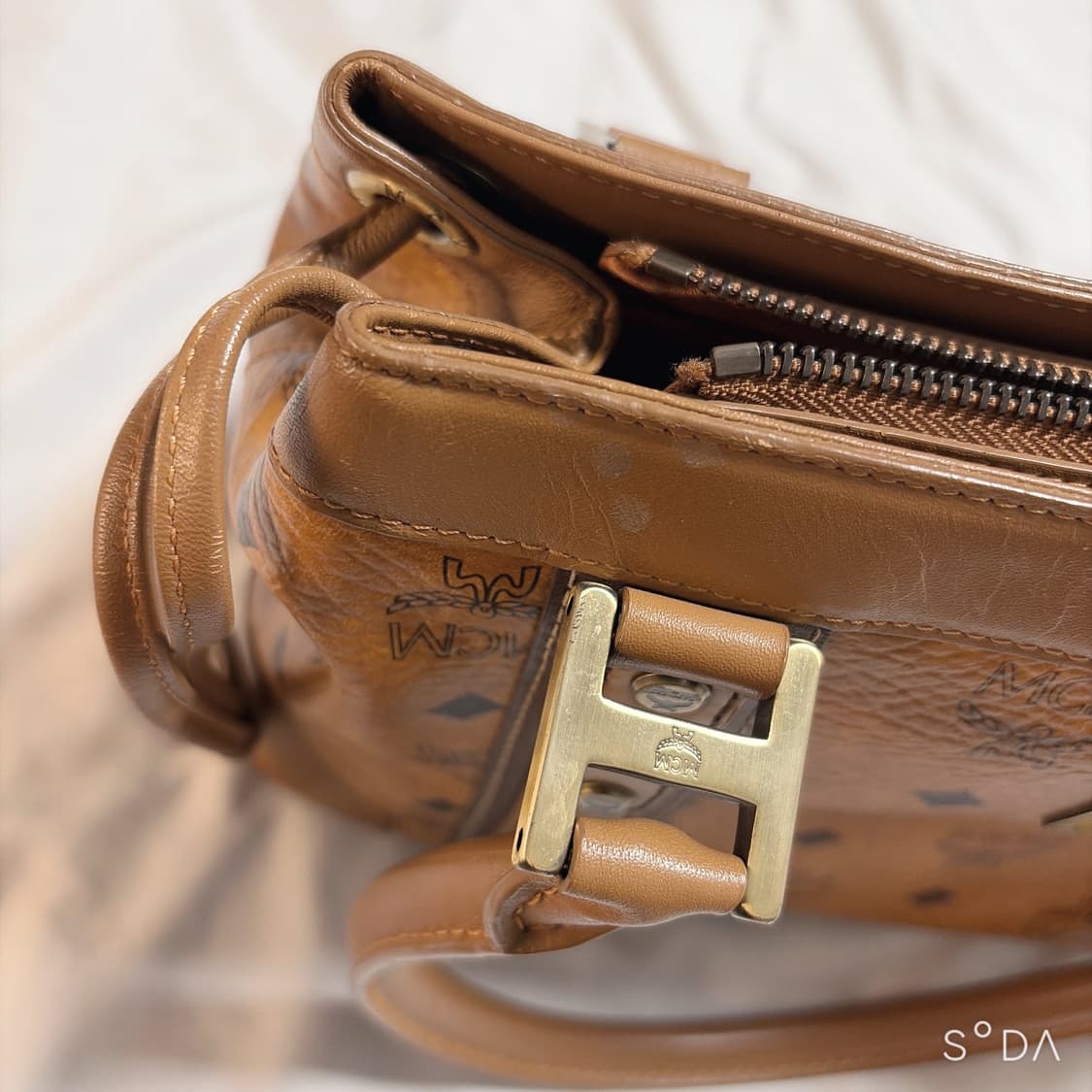 MCM 엠씨엠 로고 패턴 토트백 브라운 상품이미지8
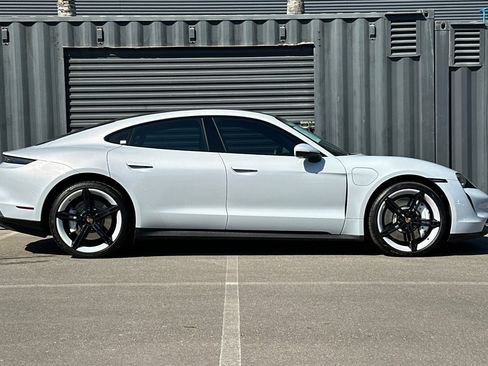 Used 2021 Porsche Taycan 4S w/ Premium Package AWD/4WD image 8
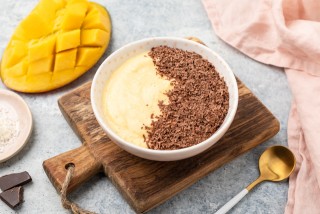 Yaourt à la mangue et noix de coco avec des pépites de chocolat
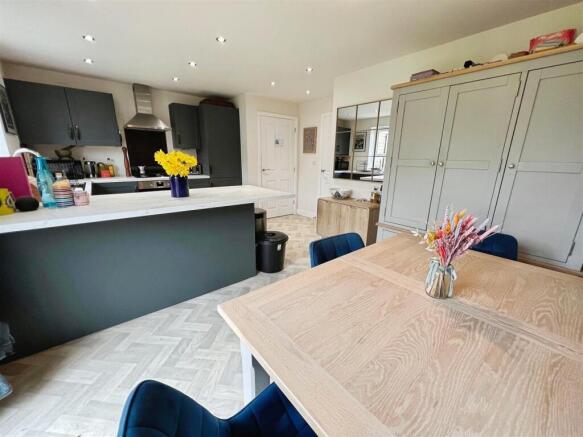4 bed Detached for sale Image 12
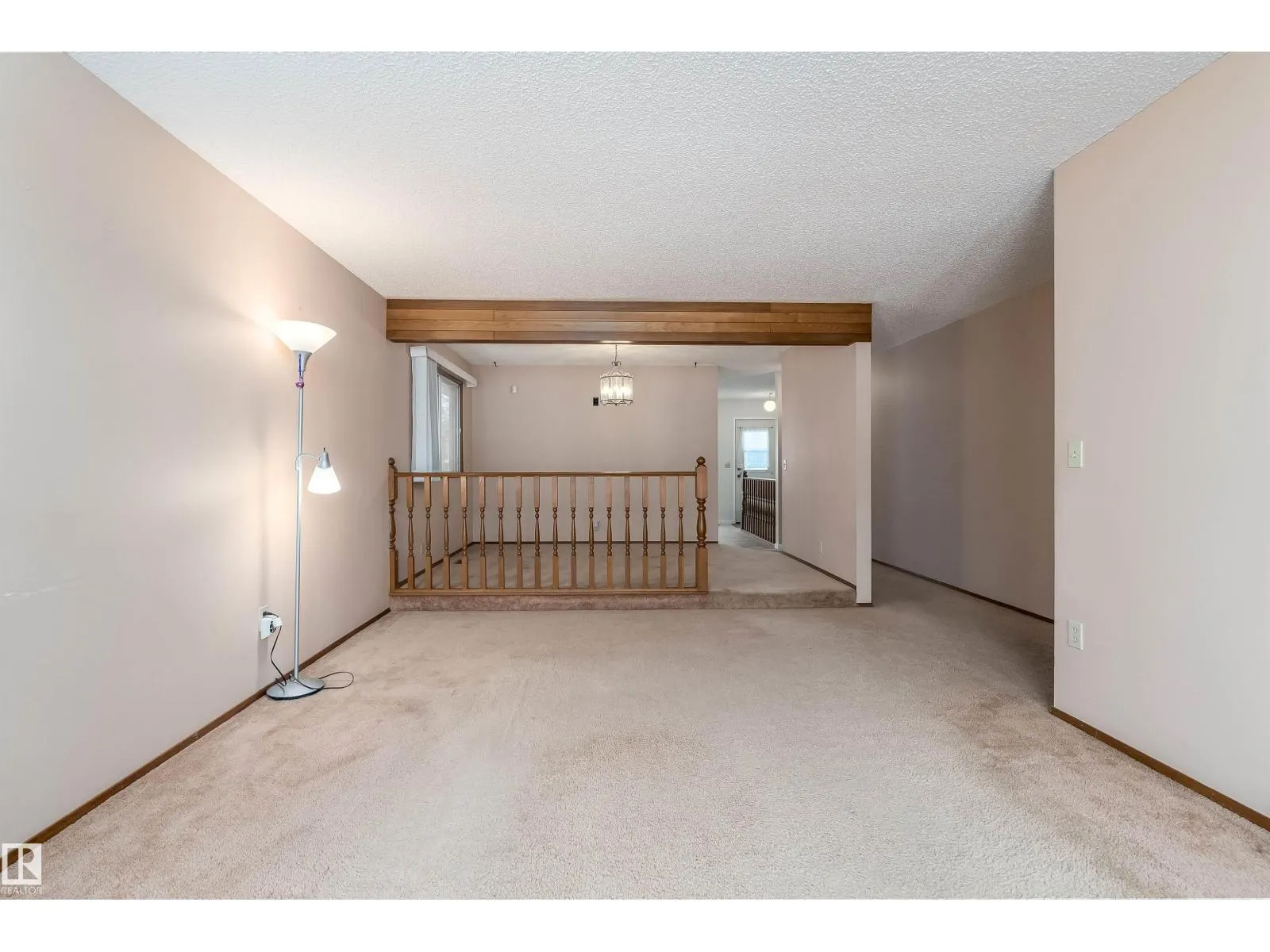 11125 19 AV NW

---------------

(Instructions for the task): The response must restate each line of the material above exactly and contain no images.

(Answer box):
 MCM 엠씨엠 로고 패턴 토트백 브라운 상품이미지8
 Used 2021 Porsche Taycan 4S w/ Premium Package AWD/4WD image 8
 Yaourt à la mangue et noix de coco avec des pépites de chocolat
4 bed Detached for sale Image 12
 11125 19 AV NW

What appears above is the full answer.